Mitsui E&S Agrees to Consolidate Shipbuilding with MHI & Tsuneishi

Mitsui consolidates shipbuilding with Mitsubishi MHI and Tsuneishi
Mitsui's Tamano Works which will be operated by MHI (Mtsui photo)

Published Mar 29, 2021 1:47 PM by The Maritime Executive

Efforts to consolidate the Japanese shipbuilding industry are proceeding with Mitsui E&S Shipbuilding announcing that it has reached agreements with Mitsubishi Heavy Industries and Tsuneishi Shipbuilding Co. The intent is to split Mitsui’s operations into two parts each joining up with one of the shipbuilders to strengthen Japan’s competitive position and the financial performance of Mitsui.

After years of financial losses in its shipbuilding operation, Mitsui announced a plan in August 2020 designed to stabilize its profits in shipbuilding while maintaining its technology capabilities and role in Japan’s defense industry. The company said it was considering focusing on the fabless business, making the best use of its strengths in design and development.

Under final agreements signed today, Mitsubishi Heavy Industries will take over the naval and governmental ship business of Mitsui E&S Shipbuilding Co., including the construction and repair work which will continue at the Tamano Works.

Mitsui performs construction and repair work for auxiliary ships, such as supply ships and oceanographic survey ships for Japan’s Ministry of Defense, as well as governmental ships including vessels for patrolling local fishing waters. In recent years, the company has also been actively developing new technologies incorporated into autonomous underwater vehicles (AUV) and autonomous surface vehicles (ASV).

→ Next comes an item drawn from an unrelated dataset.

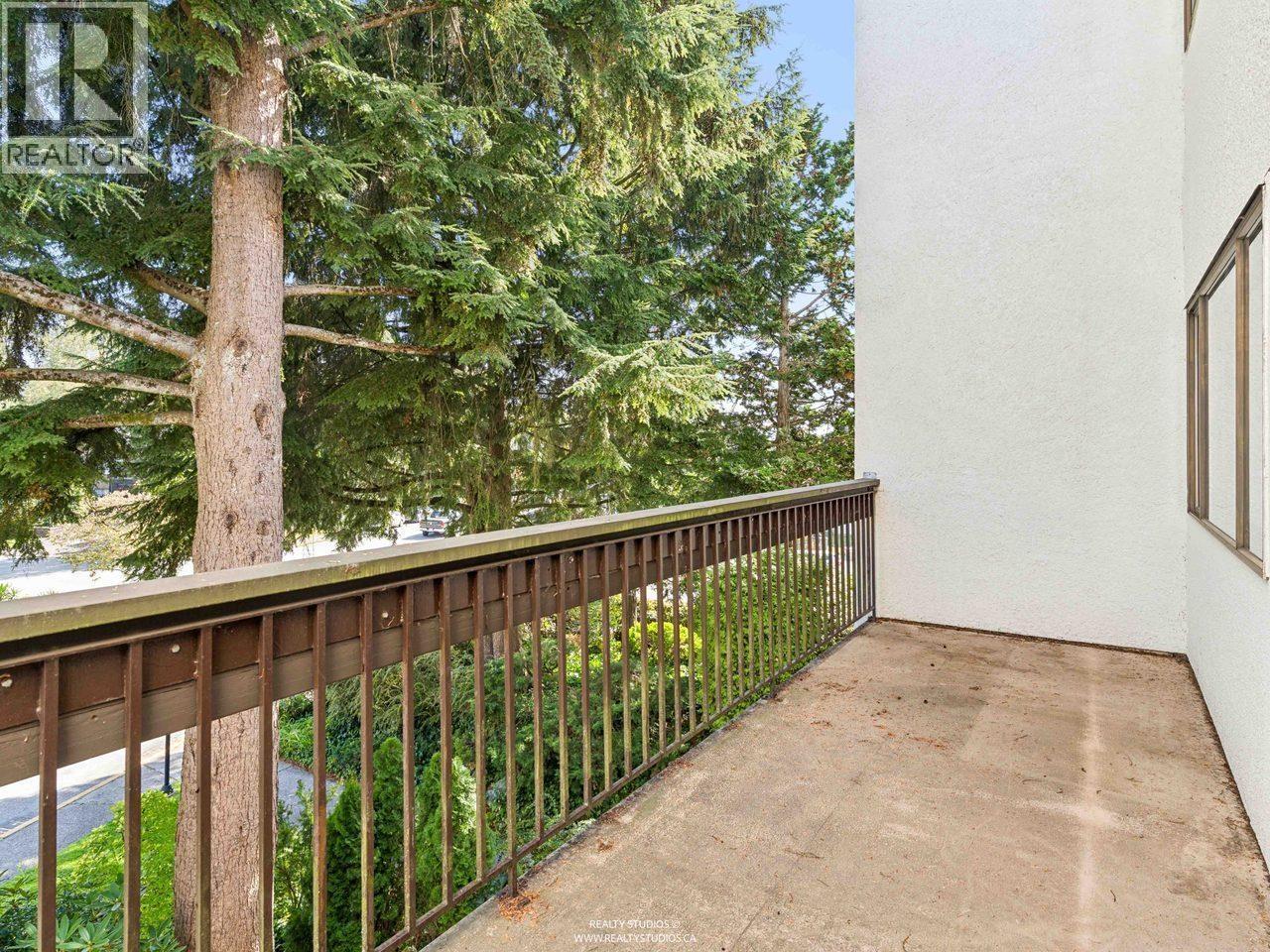 6 7335 Montecito Drive Property Photo 18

Mitsui’s products and technologies will complement those of MHI according to the companies. MHI also offers full maintenance and repair services for naval vessels. In recent years the company has also focused on the development of new frigates and destroyers developing emerging technologies for energy savings, unmanned operation, cybersecurity, and reduced lifecycle costs.

MHI said it will benefit from both Mitsui’s technologies and experienced personnel to further strengthen the operations of its Naval Ship & Maritime Systems Division. Following the requisite reviews by the Fair Trade Commission and other pertinent authorities, the transfer of operations is targeted for completion in October 2021.

Mitsui also reported that it is has signed a comprehensive agreement with Tsuneishi and they are targeting the completion of the final contract for the transaction for the commercial shipbuilding operations by the end of April 2021. Since 2018, the two companies have been cooperating on their commercial ship construction for tankers, bulk carriers, and containerships. Under the plan, Tsuneishi will invest in the new joint company and will own 49 percent of the company. 

In March 2020, Mitsui had announced plans to close its Chiba repair yard. While final details for the plan for the commercial shipbuilding operations are yet to be announced, it is believed that Mitsui will focus on the development of technology and design with the work happening at Tsuneishi’s facilities.

The Japanese shipbuilding industry remains in third place in the global industry behind China and Korea. The Japanese yards with higher operating costs have been challenged to compete.